Exercise:
Give the data again exactly as it is written.

Segment Open

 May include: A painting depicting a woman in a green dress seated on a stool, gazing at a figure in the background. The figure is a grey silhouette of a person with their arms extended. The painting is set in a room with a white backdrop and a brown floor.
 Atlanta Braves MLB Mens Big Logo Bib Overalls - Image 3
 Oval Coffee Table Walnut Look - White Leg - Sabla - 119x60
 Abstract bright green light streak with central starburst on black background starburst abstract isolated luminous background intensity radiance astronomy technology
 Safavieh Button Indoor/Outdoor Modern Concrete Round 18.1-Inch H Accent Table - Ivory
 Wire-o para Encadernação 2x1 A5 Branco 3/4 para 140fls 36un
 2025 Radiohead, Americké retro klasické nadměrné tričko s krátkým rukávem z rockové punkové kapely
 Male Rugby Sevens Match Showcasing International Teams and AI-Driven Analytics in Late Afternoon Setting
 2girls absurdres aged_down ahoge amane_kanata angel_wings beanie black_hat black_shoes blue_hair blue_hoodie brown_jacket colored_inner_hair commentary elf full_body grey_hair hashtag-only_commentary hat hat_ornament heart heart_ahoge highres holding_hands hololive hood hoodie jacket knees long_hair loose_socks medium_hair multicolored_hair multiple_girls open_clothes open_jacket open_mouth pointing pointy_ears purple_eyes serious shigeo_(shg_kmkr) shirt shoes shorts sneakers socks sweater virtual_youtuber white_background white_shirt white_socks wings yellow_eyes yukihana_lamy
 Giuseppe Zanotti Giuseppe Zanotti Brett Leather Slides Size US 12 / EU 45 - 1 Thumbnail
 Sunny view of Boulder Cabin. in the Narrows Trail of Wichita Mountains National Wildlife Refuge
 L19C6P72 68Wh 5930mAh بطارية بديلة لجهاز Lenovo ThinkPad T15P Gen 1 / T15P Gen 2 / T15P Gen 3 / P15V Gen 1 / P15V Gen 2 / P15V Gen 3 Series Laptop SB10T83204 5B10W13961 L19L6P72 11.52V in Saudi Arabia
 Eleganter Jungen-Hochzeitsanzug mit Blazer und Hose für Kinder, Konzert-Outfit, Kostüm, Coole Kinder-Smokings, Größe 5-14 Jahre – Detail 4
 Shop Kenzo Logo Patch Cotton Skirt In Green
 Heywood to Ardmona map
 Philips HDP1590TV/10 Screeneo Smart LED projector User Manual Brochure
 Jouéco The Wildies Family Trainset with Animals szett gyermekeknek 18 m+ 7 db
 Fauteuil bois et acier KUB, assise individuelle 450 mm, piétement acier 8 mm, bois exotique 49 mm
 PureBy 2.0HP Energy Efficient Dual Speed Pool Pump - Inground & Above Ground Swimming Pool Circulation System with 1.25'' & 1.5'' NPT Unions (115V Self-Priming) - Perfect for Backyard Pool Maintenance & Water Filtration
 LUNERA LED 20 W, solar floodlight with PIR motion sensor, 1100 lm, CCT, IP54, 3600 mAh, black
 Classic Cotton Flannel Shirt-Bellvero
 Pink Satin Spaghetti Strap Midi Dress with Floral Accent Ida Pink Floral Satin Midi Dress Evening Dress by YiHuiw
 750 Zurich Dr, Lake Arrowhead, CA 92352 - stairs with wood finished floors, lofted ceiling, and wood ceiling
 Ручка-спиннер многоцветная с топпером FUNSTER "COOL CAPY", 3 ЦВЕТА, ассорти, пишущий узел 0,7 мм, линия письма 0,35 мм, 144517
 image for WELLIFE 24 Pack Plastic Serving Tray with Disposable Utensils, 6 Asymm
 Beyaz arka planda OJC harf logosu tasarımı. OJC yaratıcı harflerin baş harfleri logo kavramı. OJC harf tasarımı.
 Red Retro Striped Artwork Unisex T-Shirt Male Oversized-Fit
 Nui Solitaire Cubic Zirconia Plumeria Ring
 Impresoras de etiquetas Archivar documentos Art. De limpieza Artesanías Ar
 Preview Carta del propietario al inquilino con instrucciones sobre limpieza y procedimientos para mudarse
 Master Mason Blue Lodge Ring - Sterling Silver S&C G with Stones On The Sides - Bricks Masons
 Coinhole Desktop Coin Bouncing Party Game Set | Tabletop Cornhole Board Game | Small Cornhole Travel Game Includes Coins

Segment Closed

Task output:
 May include: A painting depicting a woman in a green dress seated on a stool, gazing at a figure in the background. The figure is a grey silhouette of a person with their arms extended. The painting is set in a room with a white backdrop and a brown floor.
 Atlanta Braves MLB Mens Big Logo Bib Overalls - Image 3
 Oval Coffee Table Walnut Look - White Leg - Sabla - 119x60
 Abstract bright green light streak with central starburst on black background starburst abstract isolated luminous background intensity radiance astronomy technology
 Safavieh Button Indoor/Outdoor Modern Concrete Round 18.1-Inch H Accent Table - Ivory
 Wire-o para Encadernação 2x1 A5 Branco 3/4 para 140fls 36un
 2025 Radiohead, Americké retro klasické nadměrné tričko s krátkým rukávem z rockové punkové kapely
 Male Rugby Sevens Match Showcasing International Teams and AI-Driven Analytics in Late Afternoon Setting
 2girls absurdres aged_down ahoge amane_kanata angel_wings beanie black_hat black_shoes blue_hair blue_hoodie brown_jacket colored_inner_hair commentary elf full_body grey_hair hashtag-only_commentary hat hat_ornament heart heart_ahoge highres holding_hands hololive hood hoodie jacket knees long_hair loose_socks medium_hair multicolored_hair multiple_girls open_clothes open_jacket open_mouth pointing pointy_ears purple_eyes serious shigeo_(shg_kmkr) shirt shoes shorts sneakers socks sweater virtual_youtuber white_background white_shirt white_socks wings yellow_eyes yukihana_lamy
 Giuseppe Zanotti Giuseppe Zanotti Brett Leather Slides Size US 12 / EU 45 - 1 Thumbnail
 Sunny view of Boulder Cabin. in the Narrows Trail of Wichita Mountains National Wildlife Refuge
 L19C6P72 68Wh 5930mAh بطارية بديلة لجهاز Lenovo ThinkPad T15P Gen 1 / T15P Gen 2 / T15P Gen 3 / P15V Gen 1 / P15V Gen 2 / P15V Gen 3 Series Laptop SB10T83204 5B10W13961 L19L6P72 11.52V in Saudi Arabia
 Eleganter Jungen-Hochzeitsanzug mit Blazer und Hose für Kinder, Konzert-Outfit, Kostüm, Coole Kinder-Smokings, Größe 5-14 Jahre – Detail 4
 Shop Kenzo Logo Patch Cotton Skirt In Green
 Heywood to Ardmona map
 Philips HDP1590TV/10 Screeneo Smart LED projector User Manual Brochure
 Jouéco The Wildies Family Trainset with Animals szett gyermekeknek 18 m+ 7 db
 Fauteuil bois et acier KUB, assise individuelle 450 mm, piétement acier 8 mm, bois exotique 49 mm
 PureBy 2.0HP Energy Efficient Dual Speed Pool Pump - Inground & Above Ground Swimming Pool Circulation System with 1.25'' & 1.5'' NPT Unions (115V Self-Priming) - Perfect for Backyard Pool Maintenance & Water Filtration
 LUNERA LED 20 W, solar floodlight with PIR motion sensor, 1100 lm, CCT, IP54, 3600 mAh, black
 Classic Cotton Flannel Shirt-Bellvero
 Pink Satin Spaghetti Strap Midi Dress with Floral Accent Ida Pink Floral Satin Midi Dress Evening Dress by YiHuiw
 750 Zurich Dr, Lake Arrowhead, CA 92352 - stairs with wood finished floors, lofted ceiling, and wood ceiling
 Ручка-спиннер многоцветная с топпером FUNSTER "COOL CAPY", 3 ЦВЕТА, ассорти, пишущий узел 0,7 мм, линия письма 0,35 мм, 144517
 image for WELLIFE 24 Pack Plastic Serving Tray with Disposable Utensils, 6 Asymm
 Beyaz arka planda OJC harf logosu tasarımı. OJC yaratıcı harflerin baş harfleri logo kavramı. OJC harf tasarımı.
 Red Retro Striped Artwork Unisex T-Shirt Male Oversized-Fit
 Nui Solitaire Cubic Zirconia Plumeria Ring
 Impresoras de etiquetas Archivar documentos Art. De limpieza Artesanías Ar
 Preview Carta del propietario al inquilino con instrucciones sobre limpieza y procedimientos para mudarse
 Master Mason Blue Lodge Ring - Sterling Silver S&C G with Stones On The Sides - Bricks Masons
 Coinhole Desktop Coin Bouncing Party Game Set | Tabletop Cornhole Board Game | Small Cornhole Travel Game Includes Coins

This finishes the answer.